Have you heard? Family Game Night is back! It kind of makes sense, really; when your mortgage is under the water and your job prospects are shaky and a night out at GolfLand or the cinema can set you back $60, $70 or more, staying in and playing games is a fun, inexpensive way for families to bond.
That said, we don't have a Family Game Night tradition. Sure, we play games a lot, but we play "on demand", we don't have a regular weekly hour set aside. Maybe it's because my kids are still young. Family entertainment site Time to Play has a great list of games for game night, but almost all of them are geared for ages 8 and up (and the thought of playing Candyland or Whack-A-Mole for one hour straight makes me queasy). Or maybe because to me the term "Game Night" means one and only one game: mah-jongg.

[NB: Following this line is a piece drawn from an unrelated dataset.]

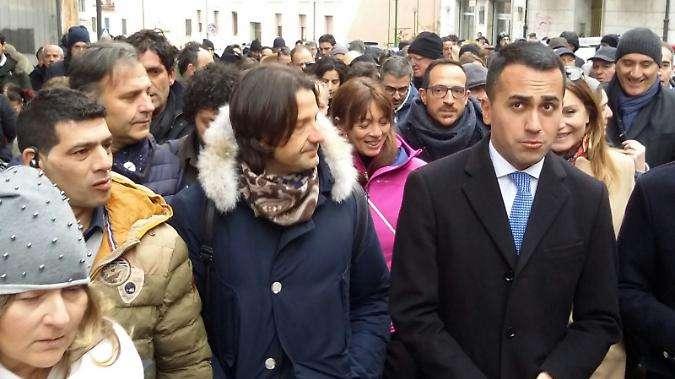 Di Maio e Caiata... bagno di folla per il duo grillino...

Like many Filipinos, I love mah-jongg. It's kind of a family passion; everyone in my dad's family plays. One of my aunts likes to tell a story of going into labor during her weekly mah-jongg game. Her cousins / opponents repeatedly urged her to head for the hospital, but she refused because she was just starting to accumulate enough tiles for a high-scoring run. My maternal grandmother went to her regular mah-jongg game every single weekday for decades (now that she's ninety she has cut back to once a week or so). I grew up attending lunches and dinners where the grownups never failed to unfold the mah-jongg tables after dessert. My paternal grandmother taught me, my siblings and my cousins to play when I was 13 or 14. It must be in the blood, because we were hooked. Pretty soon we were unfolding our own tables. In my college years, mah-jongg nights with my cousins often turned into overnights.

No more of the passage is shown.